Elles, non plus, ces deux politiques ne datent pas d’hier. On les distingue dès le premier moment où les États-Unis se sont aperçus que Cuba n’était qu’à une demi-journée de la Floride. Dès 1810 ou 1812, dès le commencement de ce siècle, avant que M. Adams ait fait à la plus vaste et à la plus riche des Antilles une savante application des lois de la gravitation physique, bien des bras se lèvent et s’étendent pour secouer l’arbre, bien des bouches soufflent pour enfler la tempête. Quand la franc-maçonnerie est importée à Cuba, d’où vient-elle? Des États-Unis, de Philadelphie. Quel objet se propose, en s’en taisant à peine, la loge si fréquentée et si agissante des Racionales Caballeros? L’indépendance des Amériques ; entendez leur indépendance vis-à-vis de toute nation européenne. Des diplomates même s’y prêtent complaisamment[1]. Car, si la diplomatie de l’Union, prise dans son ensemble et comme institution, suit une ligne sage et prudente, cela n’empêche pas que de temps en temps elle n’ait, à cause des conditions particulières de son recrutement, des agens extraordinaires.

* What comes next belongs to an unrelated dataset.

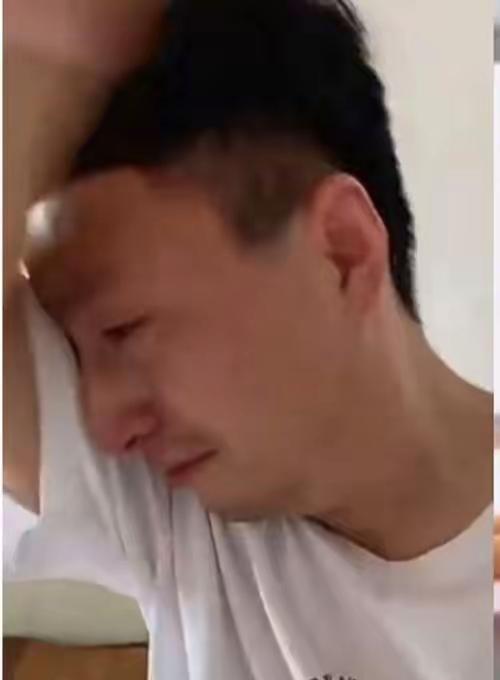 据齐鲁晚报报道，郑州一位父亲整整用了一年的时间，每晚辅导儿子数学直到午夜，以帮助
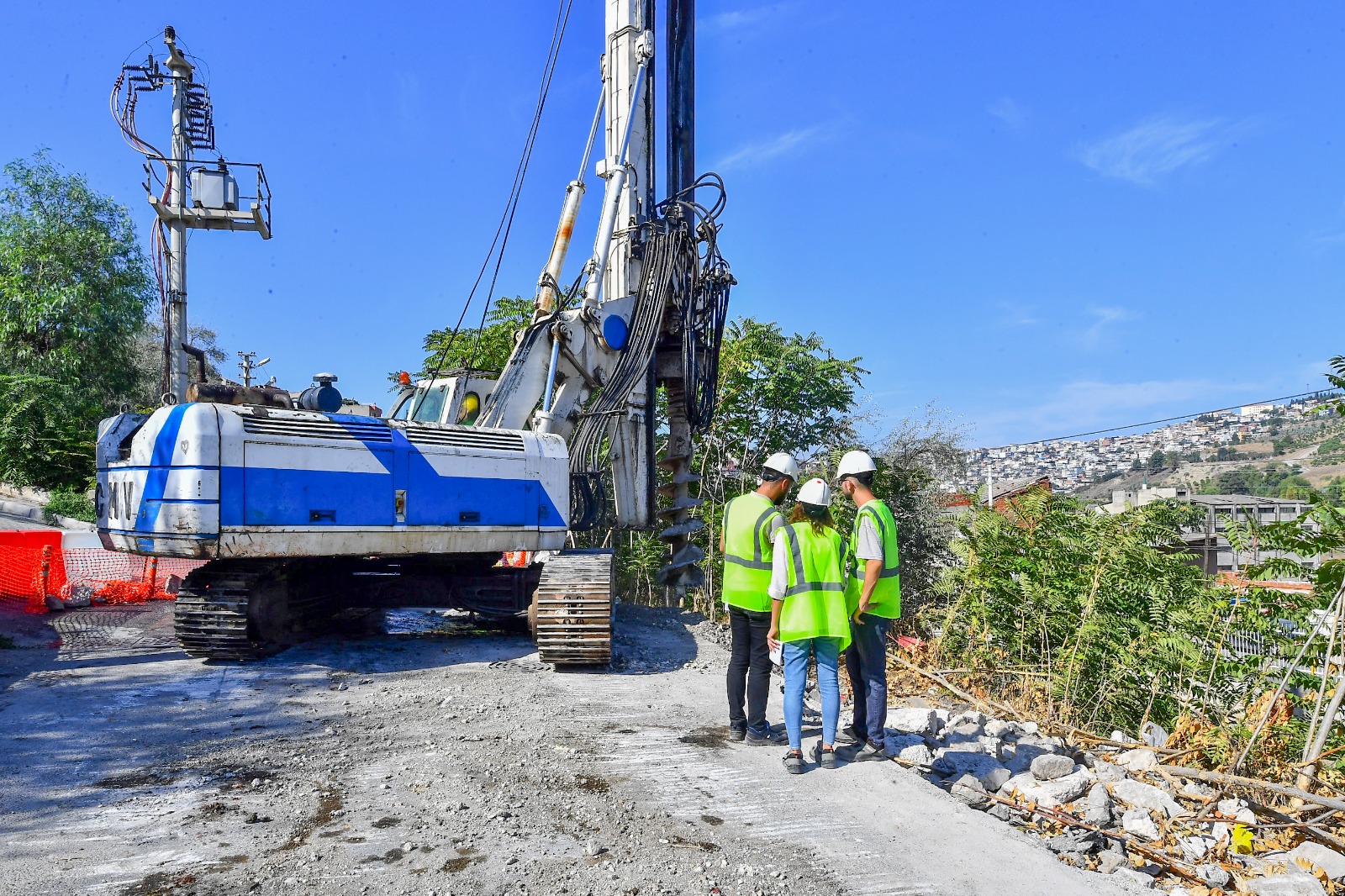 İZBAN’ın 42’inci ve 43’üncü istasyonları kuruluyor. Katip Çelebi Üniversitesi ve Lale Mahallesi de İZBAN’a bağlanıyor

Mais la maçonnerie ne fait que préparer les voies, et bientôt on en vient aux insurrections, expéditions, coups de main. Où en est le point de départ et le point d’appui ? Où les rebelles ont-ils leur arsenal, leur base d’opérations, leur place de refuge? Où

  1. Comme M. Poinvett, ministre des États-Unis à Mexico. Voy. D. Carlos de Sedano : Cuba, Estudios politicos, p. 1 et 8.